START Dataset section

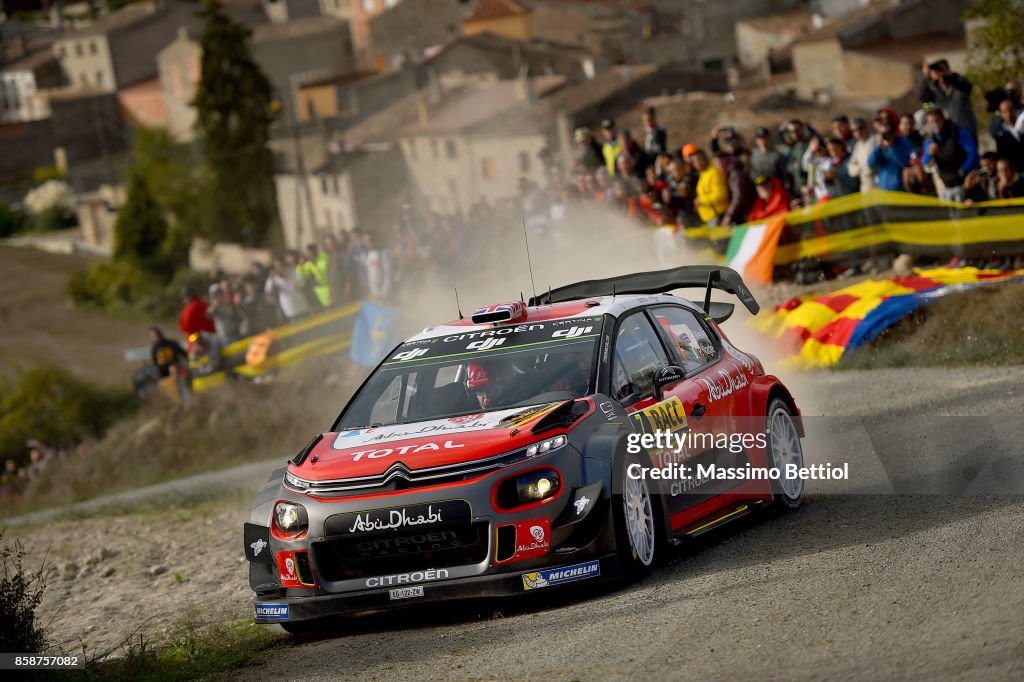 FIA World Rally Championship Spain-  Day Two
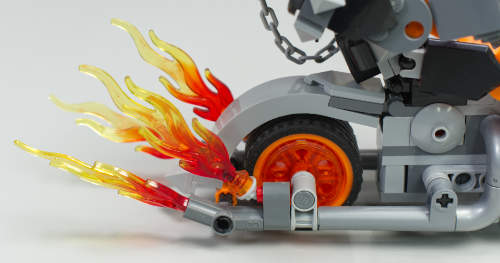 image of exhaust on large bike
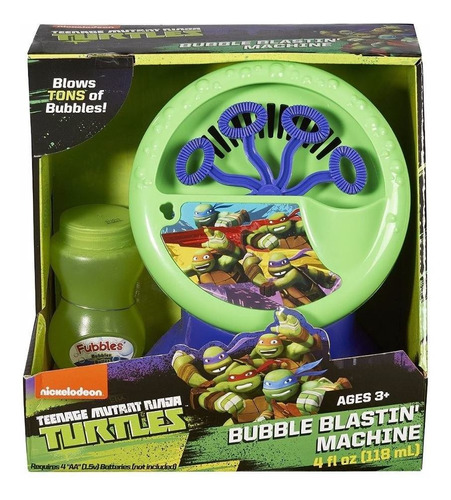 Maquina Para Hacer Burbujas Tortugas Ninja Blakhelmet E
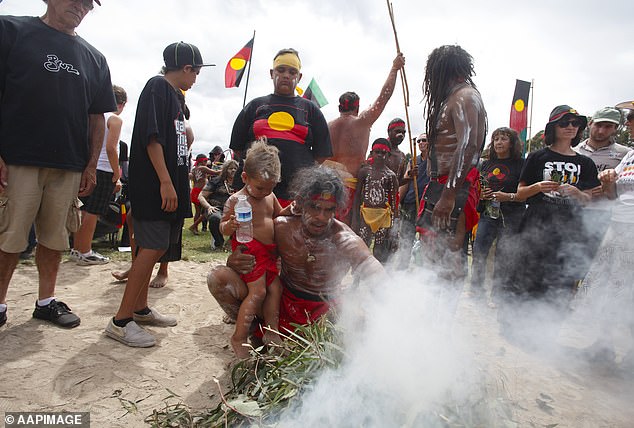 An acknowledgment of land is seen as an opportunity to show respect for indigenous culture and traditional owners (photo, a smoking ceremony in Canberra)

END Dataset section

Work item: Reproduce the material word for word, but without its images.

Your response:
 FIA World Rally Championship Spain-  Day Two
 image of exhaust on large bike
 Maquina Para Hacer Burbujas Tortugas Ninja Blakhelmet E
 An acknowledgment of land is seen as an opportunity to show respect for indigenous culture and traditional owners (photo, a smoking ceremony in Canberra)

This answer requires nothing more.